Scientists began the cooling process of the Large Underground Xenon experiment’s ultrasensitive dark matter detector on Jan. 24. Run in a facility nearly a mile below the Black Hills of South Dakota, the LUX experiment is a collaboration among 16 institutions, including Yale. The cooling of the LUX’s particle detector — the largest to date — is a major step in the experiment’s goal of detecting dark matter. The dark matter detector, a titanium cylinder approximately the size of a phone booth, is housed in a stainless steel water tank that holds 70,000 gallons of deionized water.

“It’s a huge scientific goal to be able to detect dark matter,” said Yale professor and LUX co-spokesman Dan McKinsey. “If we succeed, it would be revolutionary.”

Although dark matter particles have never been directly detected, dark matter is commonly accepted to comprise most of the universe’s mass. Theories suggest galaxies rotate much slower than expected for their given mass, suggesting the presence of undetected matter that slows the speed of rotation, said Masahiro Morii, a physics professor at Harvard and former collaborator on the LUX experiment. McKinsey said the LUX experiment aims to test these theories by looking for evidence of existence of dark matter particles, also known as WIMPs. These WIMPs, or weakly interacting massive particles, are detected through their collisions with nuclei of atoms — in this case, xenon atoms.

The LUX detector contains xenon and photomultiplier tubes that alert researchers to the presence of light. If a WIMP bumps into a xenon atom, the collision will produce two flashes of light. The first is at the point of impact, and the second is caused by electrons released during the collision. A comparison of the two flashes will determine whether or not the particle is dark matter.

Accurate identification of dark matter requires that the detector be shielded from radiation from rocks, the sun and the earth. This radiation releases neutrons that would interfere with the experiment, resulting in false positive identification of a moving particle as dark matter.

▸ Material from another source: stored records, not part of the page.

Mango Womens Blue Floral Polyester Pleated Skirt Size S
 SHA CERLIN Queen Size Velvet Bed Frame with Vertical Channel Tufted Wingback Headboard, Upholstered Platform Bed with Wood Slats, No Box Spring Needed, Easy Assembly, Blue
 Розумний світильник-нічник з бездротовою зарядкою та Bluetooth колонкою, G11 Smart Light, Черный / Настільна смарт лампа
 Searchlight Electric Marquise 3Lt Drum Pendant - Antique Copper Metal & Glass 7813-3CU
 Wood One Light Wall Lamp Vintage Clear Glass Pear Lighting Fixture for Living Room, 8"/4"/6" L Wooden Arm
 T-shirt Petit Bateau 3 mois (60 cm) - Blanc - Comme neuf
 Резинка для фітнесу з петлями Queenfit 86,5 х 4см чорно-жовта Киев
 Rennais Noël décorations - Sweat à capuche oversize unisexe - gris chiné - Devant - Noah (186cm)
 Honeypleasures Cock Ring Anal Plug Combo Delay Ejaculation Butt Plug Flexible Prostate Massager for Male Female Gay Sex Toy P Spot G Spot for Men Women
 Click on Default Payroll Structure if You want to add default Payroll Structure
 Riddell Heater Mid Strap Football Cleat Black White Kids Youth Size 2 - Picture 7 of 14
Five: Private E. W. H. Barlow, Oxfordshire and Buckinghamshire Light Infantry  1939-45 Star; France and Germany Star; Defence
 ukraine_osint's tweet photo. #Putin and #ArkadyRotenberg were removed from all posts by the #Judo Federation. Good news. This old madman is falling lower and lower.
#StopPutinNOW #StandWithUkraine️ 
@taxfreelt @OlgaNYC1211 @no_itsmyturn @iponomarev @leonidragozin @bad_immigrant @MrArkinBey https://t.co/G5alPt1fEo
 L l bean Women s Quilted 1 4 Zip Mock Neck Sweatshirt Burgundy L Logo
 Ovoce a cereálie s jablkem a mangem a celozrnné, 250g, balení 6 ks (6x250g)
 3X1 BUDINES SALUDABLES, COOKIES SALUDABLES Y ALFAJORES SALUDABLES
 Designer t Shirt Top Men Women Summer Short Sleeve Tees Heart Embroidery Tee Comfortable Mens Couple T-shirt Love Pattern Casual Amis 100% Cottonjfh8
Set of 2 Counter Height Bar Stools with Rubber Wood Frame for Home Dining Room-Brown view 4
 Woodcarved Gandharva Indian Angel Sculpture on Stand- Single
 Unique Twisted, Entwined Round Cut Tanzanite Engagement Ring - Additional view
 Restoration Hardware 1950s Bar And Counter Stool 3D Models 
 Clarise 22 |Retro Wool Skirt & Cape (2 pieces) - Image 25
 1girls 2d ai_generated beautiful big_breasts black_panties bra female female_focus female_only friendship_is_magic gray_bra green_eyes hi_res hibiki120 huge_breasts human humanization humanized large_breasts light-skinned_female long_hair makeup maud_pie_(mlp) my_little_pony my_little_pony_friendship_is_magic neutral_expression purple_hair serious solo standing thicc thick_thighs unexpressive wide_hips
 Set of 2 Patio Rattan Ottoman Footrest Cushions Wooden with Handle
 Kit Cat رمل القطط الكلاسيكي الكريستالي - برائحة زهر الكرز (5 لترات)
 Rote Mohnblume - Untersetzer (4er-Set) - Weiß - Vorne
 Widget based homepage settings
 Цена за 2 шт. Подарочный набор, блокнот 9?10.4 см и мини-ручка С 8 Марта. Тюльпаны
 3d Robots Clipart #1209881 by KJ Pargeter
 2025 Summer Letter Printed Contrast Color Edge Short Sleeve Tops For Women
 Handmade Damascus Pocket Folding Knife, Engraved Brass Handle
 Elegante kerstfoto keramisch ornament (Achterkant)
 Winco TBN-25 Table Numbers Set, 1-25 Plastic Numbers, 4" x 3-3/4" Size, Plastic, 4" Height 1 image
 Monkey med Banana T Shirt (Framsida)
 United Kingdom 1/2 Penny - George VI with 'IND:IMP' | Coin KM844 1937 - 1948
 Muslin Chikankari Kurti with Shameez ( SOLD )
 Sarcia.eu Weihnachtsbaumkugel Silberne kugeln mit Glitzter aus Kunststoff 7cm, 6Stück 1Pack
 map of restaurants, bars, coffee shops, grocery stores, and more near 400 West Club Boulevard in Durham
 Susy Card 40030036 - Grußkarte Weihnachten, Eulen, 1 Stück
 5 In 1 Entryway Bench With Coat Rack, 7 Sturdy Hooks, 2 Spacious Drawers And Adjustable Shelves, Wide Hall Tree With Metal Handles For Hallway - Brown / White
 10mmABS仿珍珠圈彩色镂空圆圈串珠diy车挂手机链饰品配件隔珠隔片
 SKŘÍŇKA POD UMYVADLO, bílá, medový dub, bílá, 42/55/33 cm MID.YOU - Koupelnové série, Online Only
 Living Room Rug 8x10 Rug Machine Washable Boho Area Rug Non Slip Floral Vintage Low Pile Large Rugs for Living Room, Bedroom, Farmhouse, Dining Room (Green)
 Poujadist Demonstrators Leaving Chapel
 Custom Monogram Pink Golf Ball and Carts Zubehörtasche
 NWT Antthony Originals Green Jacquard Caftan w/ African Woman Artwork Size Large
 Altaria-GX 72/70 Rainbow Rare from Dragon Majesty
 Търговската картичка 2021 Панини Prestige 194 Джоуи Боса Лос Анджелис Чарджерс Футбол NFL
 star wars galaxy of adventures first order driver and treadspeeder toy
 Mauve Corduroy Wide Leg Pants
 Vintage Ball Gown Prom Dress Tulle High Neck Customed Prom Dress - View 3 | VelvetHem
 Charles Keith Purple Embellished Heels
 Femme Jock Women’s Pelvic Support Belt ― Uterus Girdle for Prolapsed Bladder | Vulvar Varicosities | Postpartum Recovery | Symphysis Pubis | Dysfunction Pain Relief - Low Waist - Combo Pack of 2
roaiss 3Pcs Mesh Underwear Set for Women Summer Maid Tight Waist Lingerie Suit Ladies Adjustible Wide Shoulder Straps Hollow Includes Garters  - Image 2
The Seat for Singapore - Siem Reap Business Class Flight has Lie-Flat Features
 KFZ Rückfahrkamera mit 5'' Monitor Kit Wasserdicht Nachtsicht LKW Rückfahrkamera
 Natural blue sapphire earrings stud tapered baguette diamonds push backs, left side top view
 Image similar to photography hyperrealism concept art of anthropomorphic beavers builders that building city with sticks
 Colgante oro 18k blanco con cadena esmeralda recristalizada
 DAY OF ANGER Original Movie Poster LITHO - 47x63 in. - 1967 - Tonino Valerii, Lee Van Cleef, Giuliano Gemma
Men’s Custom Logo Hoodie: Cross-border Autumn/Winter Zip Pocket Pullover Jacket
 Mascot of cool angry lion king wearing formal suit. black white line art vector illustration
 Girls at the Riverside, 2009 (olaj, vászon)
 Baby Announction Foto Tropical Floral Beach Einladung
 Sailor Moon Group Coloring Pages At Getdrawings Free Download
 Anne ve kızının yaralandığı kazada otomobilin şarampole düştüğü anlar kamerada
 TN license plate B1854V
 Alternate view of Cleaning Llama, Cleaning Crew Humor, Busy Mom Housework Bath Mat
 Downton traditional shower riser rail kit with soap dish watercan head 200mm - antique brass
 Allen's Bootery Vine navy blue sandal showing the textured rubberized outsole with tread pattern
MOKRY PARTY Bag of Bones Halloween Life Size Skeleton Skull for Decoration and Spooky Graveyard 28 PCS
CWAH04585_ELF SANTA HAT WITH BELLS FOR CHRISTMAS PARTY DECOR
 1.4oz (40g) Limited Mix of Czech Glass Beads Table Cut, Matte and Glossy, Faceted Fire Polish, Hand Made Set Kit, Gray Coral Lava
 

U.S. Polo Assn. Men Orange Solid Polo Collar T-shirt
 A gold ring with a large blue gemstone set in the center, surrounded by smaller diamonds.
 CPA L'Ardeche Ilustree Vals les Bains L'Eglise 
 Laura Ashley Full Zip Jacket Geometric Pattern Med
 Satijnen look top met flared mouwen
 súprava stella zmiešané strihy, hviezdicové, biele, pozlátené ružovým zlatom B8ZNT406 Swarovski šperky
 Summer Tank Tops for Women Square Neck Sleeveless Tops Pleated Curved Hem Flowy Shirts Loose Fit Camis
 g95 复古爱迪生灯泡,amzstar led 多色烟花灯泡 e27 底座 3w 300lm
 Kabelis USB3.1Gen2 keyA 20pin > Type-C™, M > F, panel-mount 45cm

“At worst case, a cosmic ray can split a nucleus and release a neutron that would behave like dark matter,” McKinsey said. Running the experiment in an underground water tank shields the detector from the bulk of radiation and interference.

The experiment is currently in its calibration stage to ensure both that the detector is highly sensitive and that the electronics and operating systems function with minimal interference. Ethan Bernard, a physics research assistant who joined the experiment in 2010, said that this calibration will ensure that the system “picks up signals we want it to pick up and ignores signals we want it to ignore.” The team began collecting data earlier this month and expected to run the experiment for at least a year.

Although the LUX experiment is among the most technologically sensitive of those currently under way, no one can say if the actual detection of dark matter will occur. McKinsey said these collisions are very rare, occurring perhaps once per month or even year.

“It’s an experiment,” Morii said. “You can get lucky, or you can go home empty-handed. You just have to keep experimenting.”

The LUX experiment is currently in competition with other efforts under way to detect dark matter in Canada, Italy and China.